Inventar otros verbos. Otras formas de construir con el otro: esa infinita
responsabilidad que nos atañe frente a los demás, pero también frente a una
naturaleza arrasada. Infinitivos para la existencia. Allí donde la sombra del
duelo arroja otra luz sobre lo porvenir. En efecto, los archivos de la memoria
–como alguna vez señaló Derrida[ii]- son una cuestión de porvenir:
se regresa para inventar una infancia que
nos aguarda. El movimiento no puede ser más pertinente y admite
recontextualizaciones diversas, incluso en un país como España, donde la
dificultad para acceder a los archivos (el olvido institucionalizado como «ley
de memoria histórica») dificulta la construcción de una sociedad justa.
Habrá que insistir en esa
indisociabilidad de lo vivido y la historia más amplia en que se inscribe, aun
cuando Antes de desaparecer elude de
forma deliberada un imaginario plagado
de tópicos que erróneamente se asocia a la «poesía comprometida». Pero apenas
hace falta decirlo: cuando la poesía nos compromete efectivamente con algo (un específico
proyecto político-existencial) no requiere ninguna declaración: trabaja dentro, en la elección del
barro, en el giro hacia aquello que vibra, inerme, resistiendo la crecida. Entonces
un poema puede decir «bondad», sin ruborizarse ante la evidencia abrumadora del
mal que nos corroe el pecho.
Regresar a la infancia que nos aguarda, pues, no como algo dado, sino como
aquello que el verbo (su
performatividad), a través de nueve
infinitivos, vuelve a hacer posible. Ese mundo maravilloso que tiembla en
lo minúsculo. Con la conmoción de lo que se dice a la intemperie. Con la
singularidad imprescindible de quien escribe con “las rodillas lastimadas”,
pero también con las varas del zahorí que busca el agua subterránea que
urgimos. Volviendo a creer en los pequeños milagros –una segunda inocencia “resucitando
helechos después de la helada” en busca de esa luz que traen “sus ojos
menta-arrancada-del-corazón, aquel verde in-tacto”.
Arturo Borra
[i]
Gelman, Juan (1999): 53 poemas, Grijalbo,
Buenos Aires, p. 52.
[ii] “(…) la cuestión del
archivo no es, repitámoslo, una cuestión del pasado. No es la cuestión de un
concepto del que dispusiéramos o no dispusiéramos ya en lo que concierne al
pasado, un concepto archivable del archivo. Es una cuestión de porvenir, la
cuestión del porvenir mismo, la cuestión de una respuesta, de una promesa y de
una responsabilidad para mañana. Si queremos saber lo que el archivo habrá
querido decir, no lo sabremos más que en el tiempo por venir. Quizá. No mañana
sino en el tiempo por venir, pronto o quizá nunca. Una mesianicidad espectral
trabaja el concepto de archivo y lo vincula, como la religión, como la
historia, como la ciencia misma, con una experiencia muy singular de la promesa”

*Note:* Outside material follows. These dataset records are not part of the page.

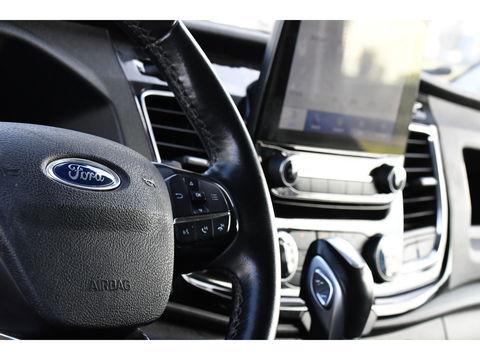 Ford Transit 350 2.0 TDCI L3H2 Limited PB Edition Adaptieve Cruise, 360 Camera, Carplay, 185pk, Automaat, Xenon, 2 x Schuifdeur, Uniek!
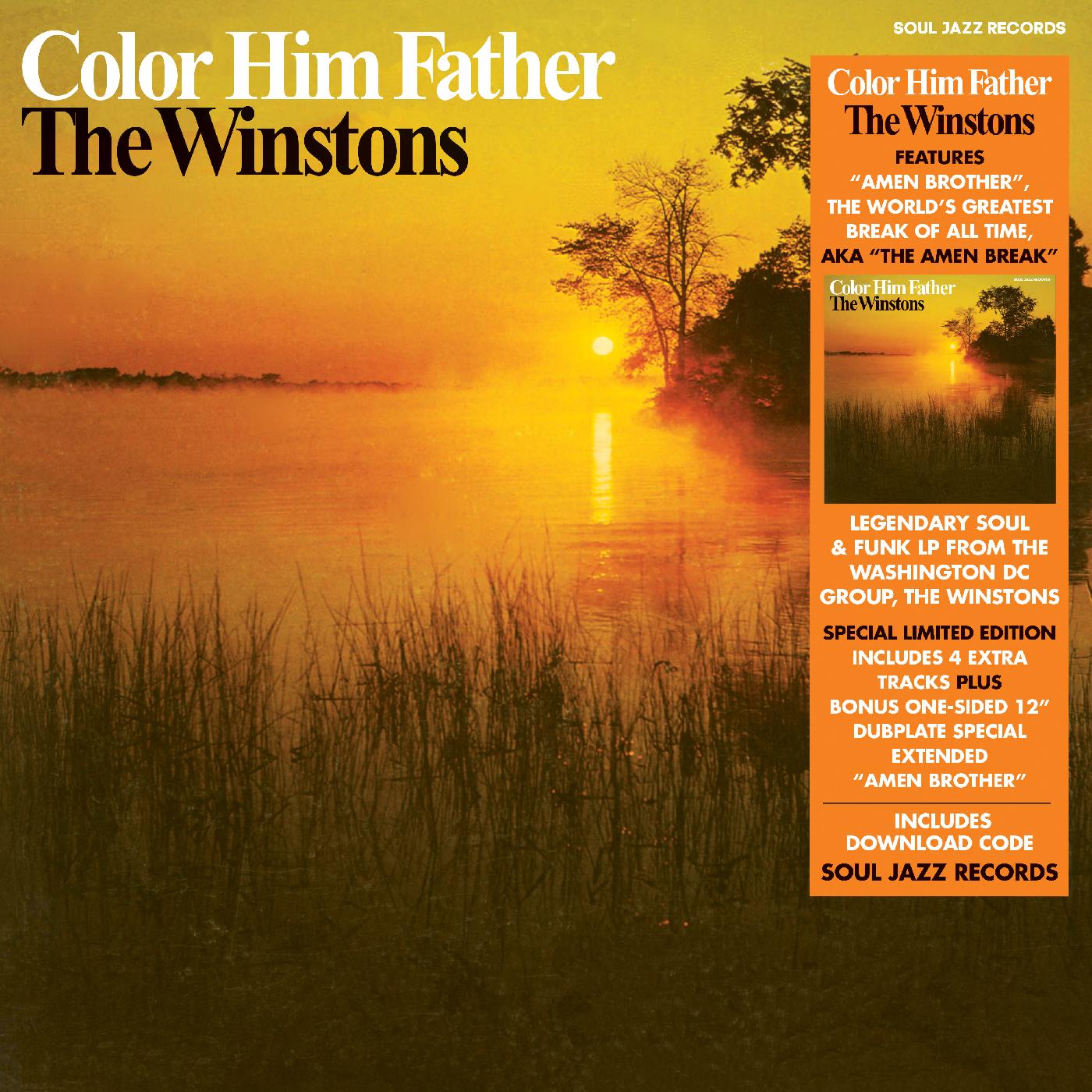 The Winstons | Color Him Father - CD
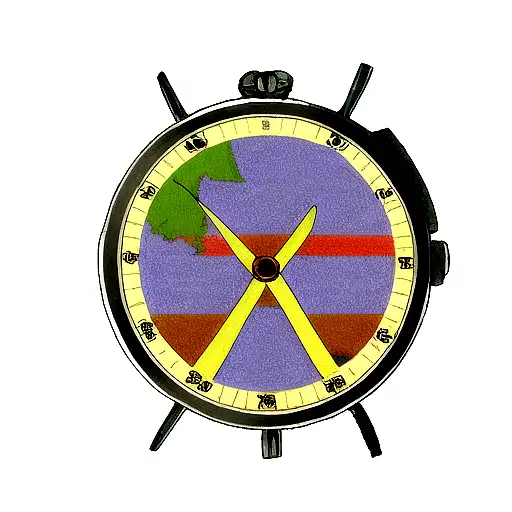 The Pacific Symbol And Watch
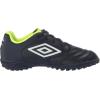 imageUmbro Boys Classico Xi Tf Jr Soccer Turf ShoeNavyWhiteSafety Yellow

(Derrida, Jaques [1997]: Mal de archivo.
Una impresión freudiana, trad. P. Vidarte, Trotta, Madrid, p. 44).
Laura
Giordani ha
publicado Cartografía de lo blando (2005), Materia Oscura (2010, Baile del
Sol), Noche sin Clausura (2012, Candela, Ediciones Amargord), Antes de
desaparecer (2014, Ediciones Tigres de papel) y la plaquette Celebración del
brote (2009, Zahorí-Poesía en minúsculas).
Sus
poemas han sido incluidos en diversas antologías: Antología de Poesía (ECA
-Escritores Cordobeses Asociados, 2002), Aldaba (2004) Antología de poetas
hispanoamericanos, Cuadernos Caudales de Poesía (Edición Caudal, España, 2007),
Los centros de la calle (Editorial Germanías, 2008) y Por donde pasa la poesía
(Baile del Sol, 2011)
Asimismo,
ha colaborado con algunas publicaciones como "La hamaca de Lona", "Youkali", "Viento
Sur", "Ginebra Magnolia", "Eclipse", "The children’s book of american bird", "Confines" (Argentina), "Grumo" (Brasil-Alemania) y "Galerna" (USA).